_What to do:_ The records that follow are to be repeated in full, with no pictures retained.

_Data shown:_
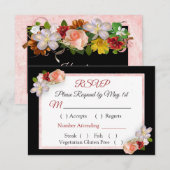 Carte RSVP Burgundy Blush Rose Rose Gold Wedding (Devant / Derrière)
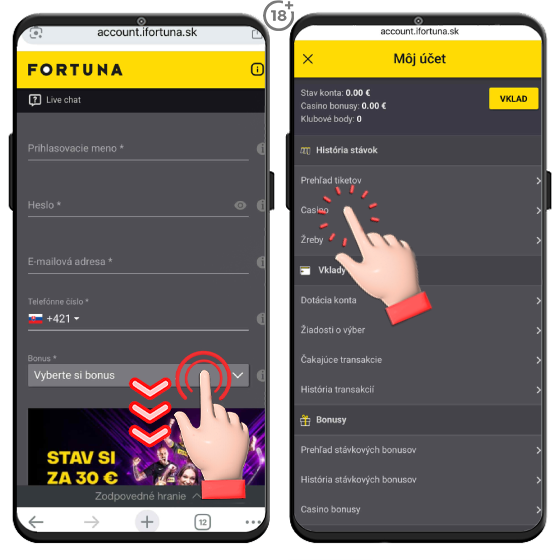 iFortuna casino online registrácia cez mobil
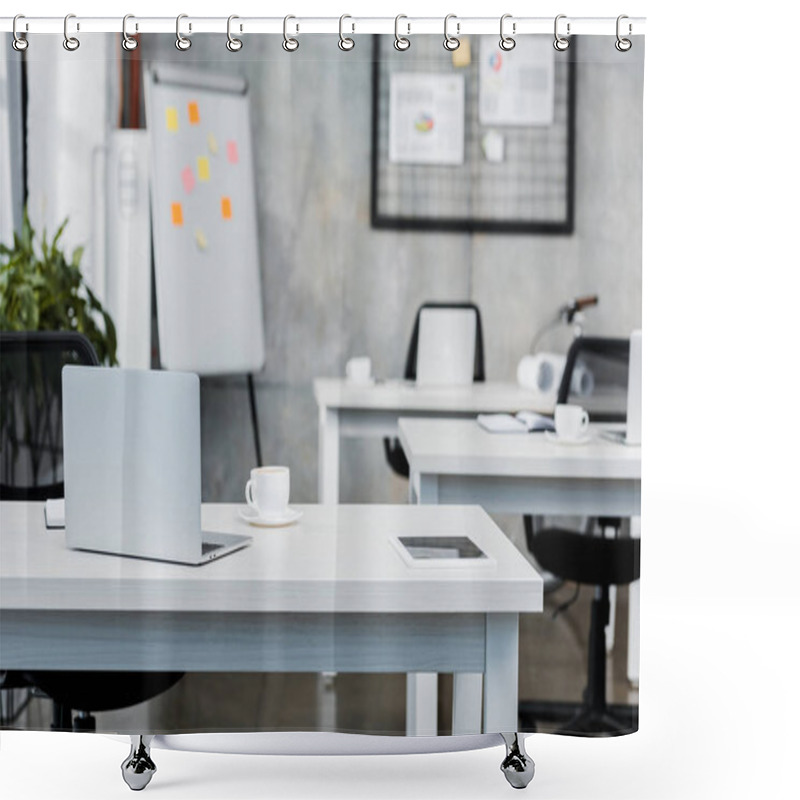 Personality  Cup Of Tea And Laptop On Table In Office Shower Curtains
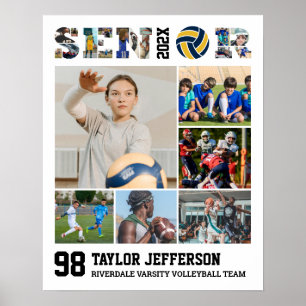 Volleyball Player Senior Sports Team Photo Collage Poster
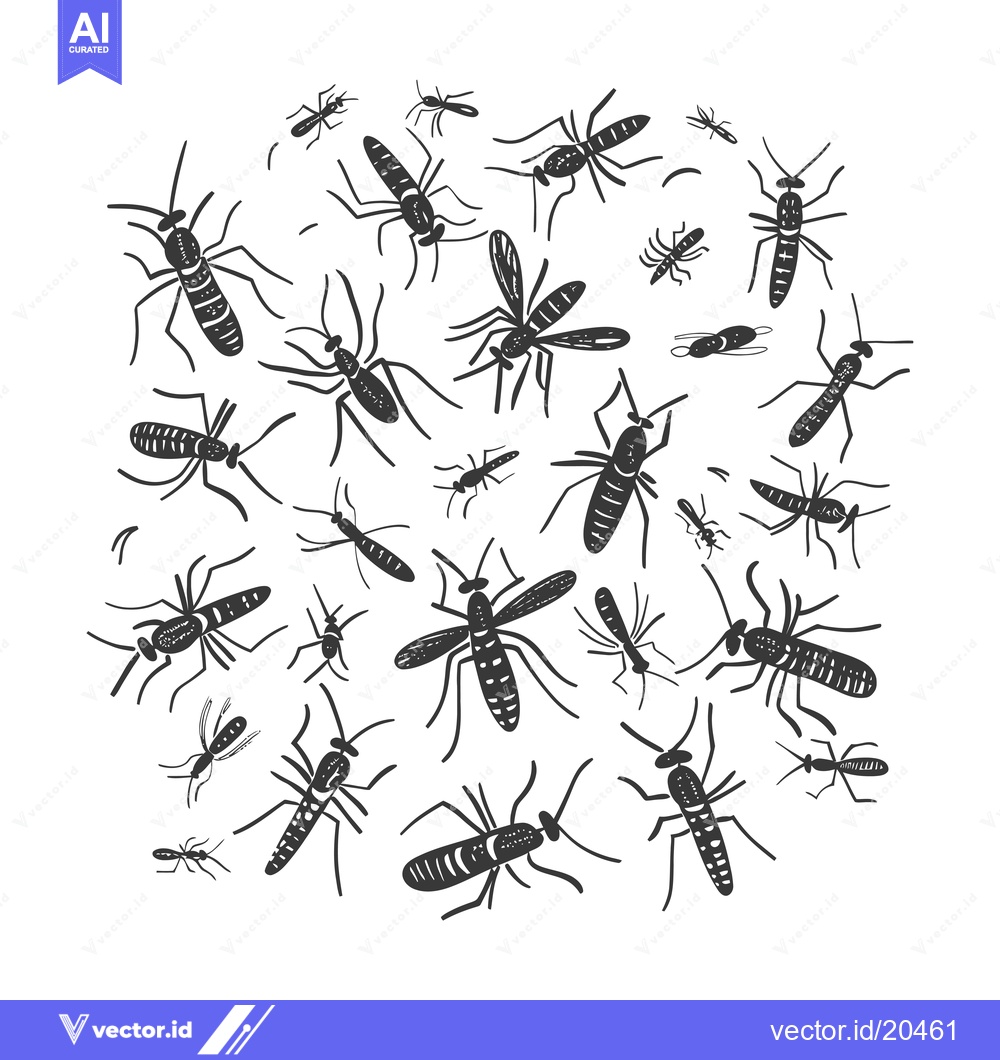 Premium Vector dari A Swarm of Black and White Mosquitoes on a White Background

_The answer:_
 Carte RSVP Burgundy Blush Rose Rose Gold Wedding (Devant / Derrière)
 iFortuna casino online registrácia cez mobil
 Personality  Cup Of Tea And Laptop On Table In Office Shower Curtains
 Volleyball Player Senior Sports Team Photo Collage Poster
 Premium Vector dari A Swarm of Black and White Mosquitoes on a White Background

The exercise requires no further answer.